It’s not trivial but it’s not that hard if you have a decent vocabulary and some intuitive sense for letter frequencies (and letter pair frequencies) for different locations in a word. The answer list does not seem to include really hard words as naively picking all the words in the MW dictionary would be. It’s a fun 10-15 minute puzzle.

The 5 letters seem to be the sweet spot, not very long not very short.

Easily shareable you can just copy the results with the button ‘Share’ and have it shared on Twitter, which created a networking effect and encouraged people to try and do better than their friends and peers.

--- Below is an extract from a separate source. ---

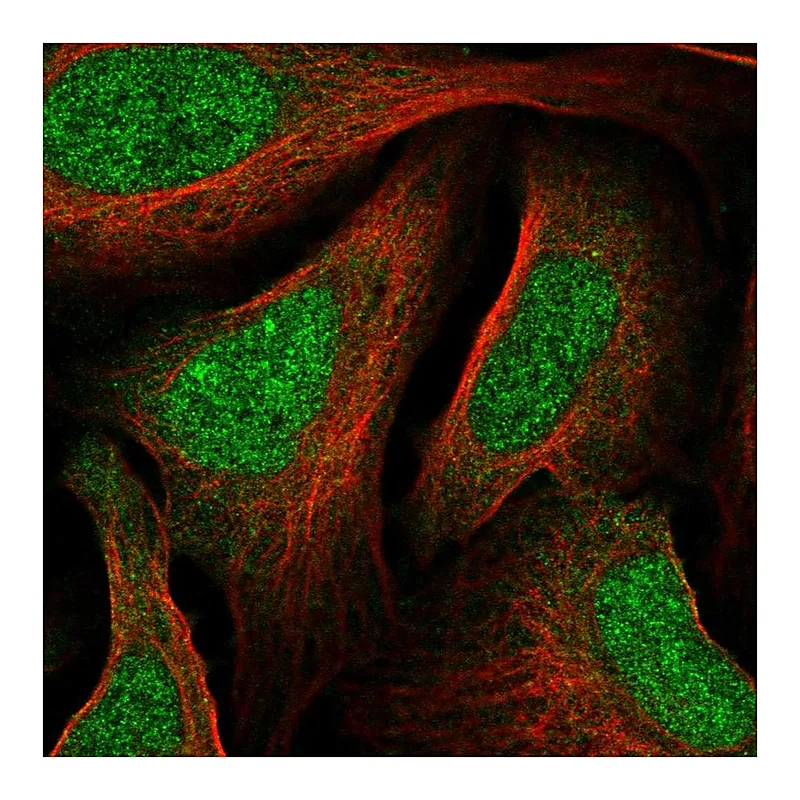 Atlas Antibodies Anti-MNT Antibody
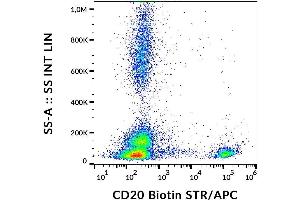Surface staining of human peripheral blood with anti-CD20 (2H7) biotin, streptavidin. (CD20 antibody  (Biotin))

And yes, the main feature to success is the once-a-day playability, if you try the more than one word per day clones after a few rounds, it just won’t be as fun. What makes it fun to spend 10 minutes on the game is that it’s the only round of the day so there’s a pay-off to giving it some thought. When you can keep playing new rounds, it’s just not rewarding and you would just close the tab when you were stumped.

Technology

The game is made with React and Javascript, entirely in the front-end without any server or anything. You have two static lists of words in the JS code - known words, and a smaller, random pre-shuffled list of words the game will select from.

The selection is done on the client, by date, from the second list - every day at midnight (your local time!) the next word in the pre-shuffled list is selected - no hashing or randomizing or anything. No cookies are involved in making you play one game per day, no server-side calls are involved in the gameplay at all. And yes, this means that changing your time zone will let you play tomorrow’s game and that you can just view the source to know tomorrow’s word - it appears right after today’s word in the code.

About Me

I am Metin Ferati a Senior Front-End developer and an aspiring entrepreneur based in Skopje, Macedonia. With a background in full-stack programming and experience in marketing and sales, I have shipped multiple products in the past including Spory[https://spory.app] & LaunchTorch most notable. Currently, I am one of the partners at DeltaBees[https://deltabees.com] where we help businesses digitalize their services. Feel free to reach out.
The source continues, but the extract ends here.